--- Recorded data ---

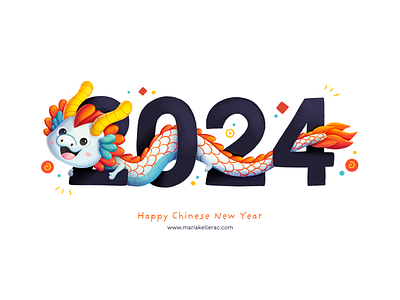 2024 2024 baby cartoon character children chinese cute dragon illustration kawaii kids lunar mascot mexico new year procreate 龙属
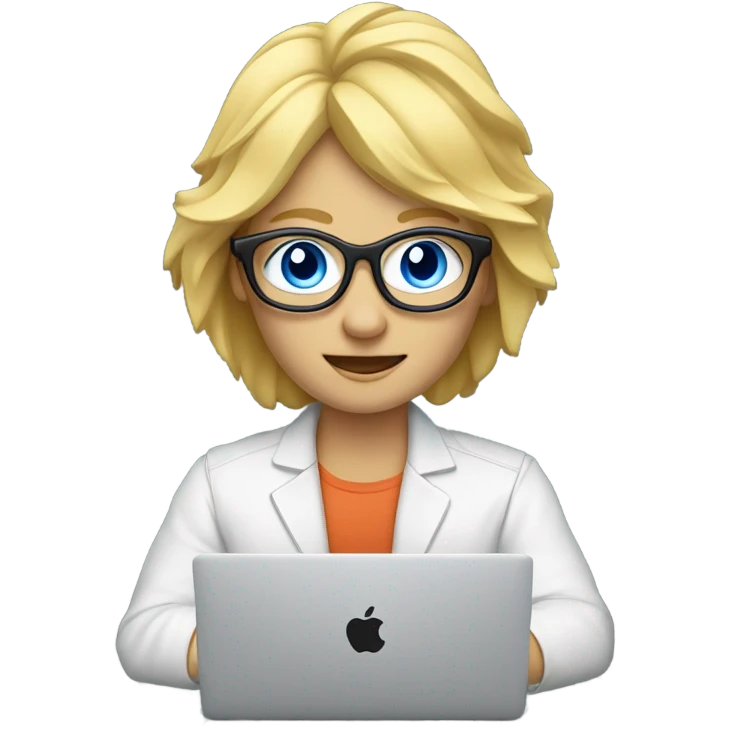 PCB designer behind macbook, blond, blue eyes with classes emoji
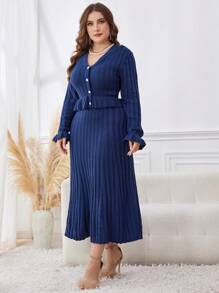 Modelyn Plus Size Elegant Solid V-Neck Long Sleeve Sweater Dress, For Winter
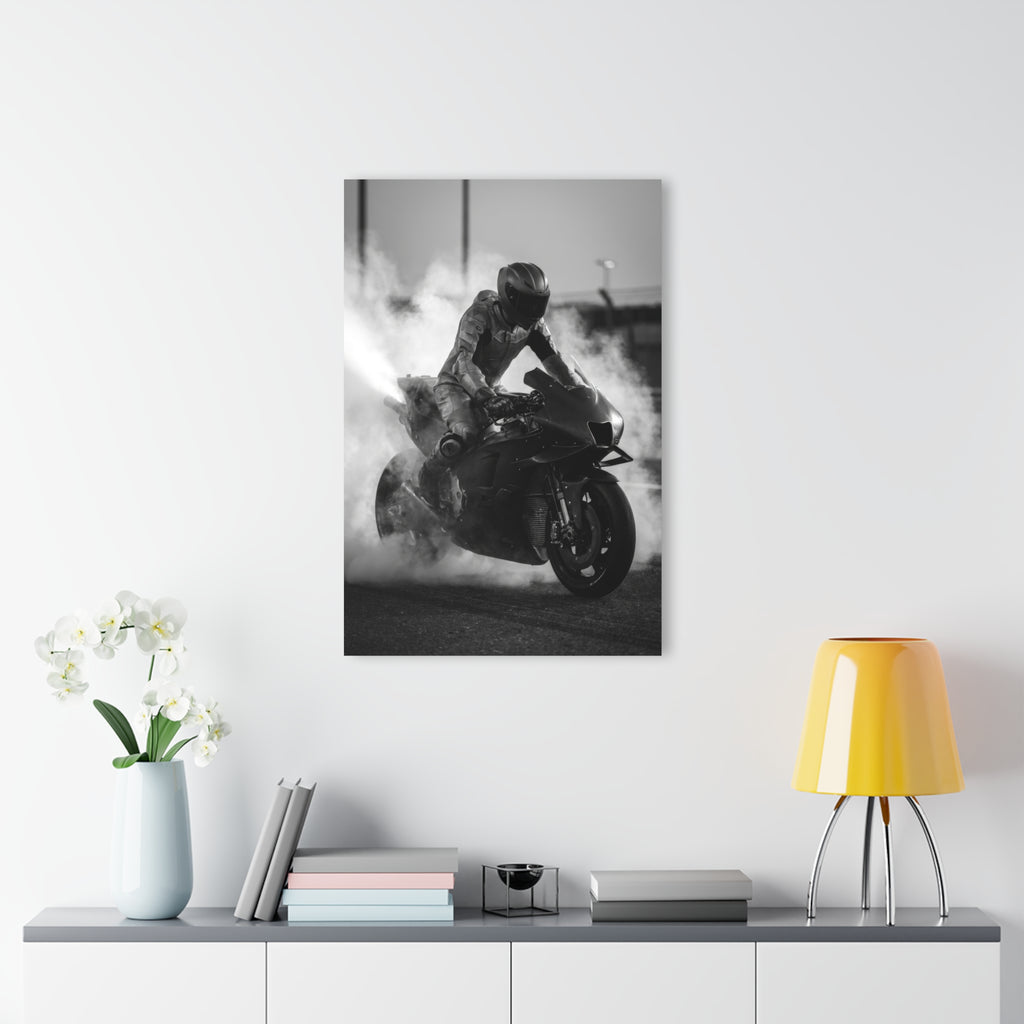 MotoGP Burnout Acrylic Print - Black & White Sportbike Wall Art (French Cleat Hanging)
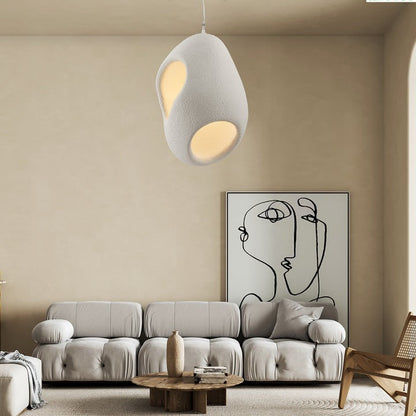 Japandi Sculptural Pendant Light – Minimalist Epoxy Resin LED Lamp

---

■ Task ■
Once the line with "Modelyn Plus Size" is found, write out that line and every later line of the listing above exactly, through the last one, and skip any pictures.

■ Task solution ■
 Modelyn Plus Size Elegant Solid V-Neck Long Sleeve Sweater Dress, For Winter
 MotoGP Burnout Acrylic Print - Black & White Sportbike Wall Art (French Cleat Hanging)
 Japandi Sculptural Pendant Light – Minimalist Epoxy Resin LED Lamp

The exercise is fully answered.